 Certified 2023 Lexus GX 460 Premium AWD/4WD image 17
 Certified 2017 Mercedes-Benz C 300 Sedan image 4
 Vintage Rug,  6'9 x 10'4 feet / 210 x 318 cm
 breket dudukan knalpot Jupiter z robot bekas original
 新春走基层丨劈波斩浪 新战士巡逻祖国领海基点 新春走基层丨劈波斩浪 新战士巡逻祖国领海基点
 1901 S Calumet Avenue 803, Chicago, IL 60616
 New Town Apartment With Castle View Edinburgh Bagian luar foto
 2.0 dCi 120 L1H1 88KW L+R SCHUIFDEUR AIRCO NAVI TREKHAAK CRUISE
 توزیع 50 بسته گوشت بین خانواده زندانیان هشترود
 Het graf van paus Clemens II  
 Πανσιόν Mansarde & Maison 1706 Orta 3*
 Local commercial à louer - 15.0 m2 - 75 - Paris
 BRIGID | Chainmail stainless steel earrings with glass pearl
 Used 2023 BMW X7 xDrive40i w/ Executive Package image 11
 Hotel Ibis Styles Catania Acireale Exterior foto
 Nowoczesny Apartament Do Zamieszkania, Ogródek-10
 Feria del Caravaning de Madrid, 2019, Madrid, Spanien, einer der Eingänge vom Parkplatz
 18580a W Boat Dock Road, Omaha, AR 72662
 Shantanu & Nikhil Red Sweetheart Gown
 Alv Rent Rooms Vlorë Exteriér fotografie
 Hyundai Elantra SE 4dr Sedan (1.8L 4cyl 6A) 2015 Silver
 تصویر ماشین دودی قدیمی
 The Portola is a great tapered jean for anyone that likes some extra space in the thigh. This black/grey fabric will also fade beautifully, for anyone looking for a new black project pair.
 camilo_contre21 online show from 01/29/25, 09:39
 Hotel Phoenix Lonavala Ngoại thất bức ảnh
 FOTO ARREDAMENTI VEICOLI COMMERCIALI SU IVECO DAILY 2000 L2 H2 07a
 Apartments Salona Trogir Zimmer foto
□ □ □
__Aim of the exercise__
Print out the whole of the material above exactly.

__Answer to this task__
 Certified 2023 Lexus GX 460 Premium AWD/4WD image 17
 Certified 2017 Mercedes-Benz C 300 Sedan image 4
 Vintage Rug,  6'9 x 10'4 feet / 210 x 318 cm
 breket dudukan knalpot Jupiter z robot bekas original
 新春走基层丨劈波斩浪 新战士巡逻祖国领海基点 新春走基层丨劈波斩浪 新战士巡逻祖国领海基点
 1901 S Calumet Avenue 803, Chicago, IL 60616
 New Town Apartment With Castle View Edinburgh Bagian luar foto
 2.0 dCi 120 L1H1 88KW L+R SCHUIFDEUR AIRCO NAVI TREKHAAK CRUISE
 توزیع 50 بسته گوشت بین خانواده زندانیان هشترود
 Het graf van paus Clemens II  
 Πανσιόν Mansarde & Maison 1706 Orta 3*
 Local commercial à louer - 15.0 m2 - 75 - Paris
 BRIGID | Chainmail stainless steel earrings with glass pearl
 Used 2023 BMW X7 xDrive40i w/ Executive Package image 11
 Hotel Ibis Styles Catania Acireale Exterior foto
 Nowoczesny Apartament Do Zamieszkania, Ogródek-10
 Feria del Caravaning de Madrid, 2019, Madrid, Spanien, einer der Eingänge vom Parkplatz
 18580a W Boat Dock Road, Omaha, AR 72662
 Shantanu & Nikhil Red Sweetheart Gown
 Alv Rent Rooms Vlorë Exteriér fotografie
 Hyundai Elantra SE 4dr Sedan (1.8L 4cyl 6A) 2015 Silver
 تصویر ماشین دودی قدیمی
 The Portola is a great tapered jean for anyone that likes some extra space in the thigh. This black/grey fabric will also fade beautifully, for anyone looking for a new black project pair.
 camilo_contre21 online show from 01/29/25, 09:39
 Hotel Phoenix Lonavala Ngoại thất bức ảnh
 FOTO ARREDAMENTI VEICOLI COMMERCIALI SU IVECO DAILY 2000 L2 H2 07a
 Apartments Salona Trogir Zimmer foto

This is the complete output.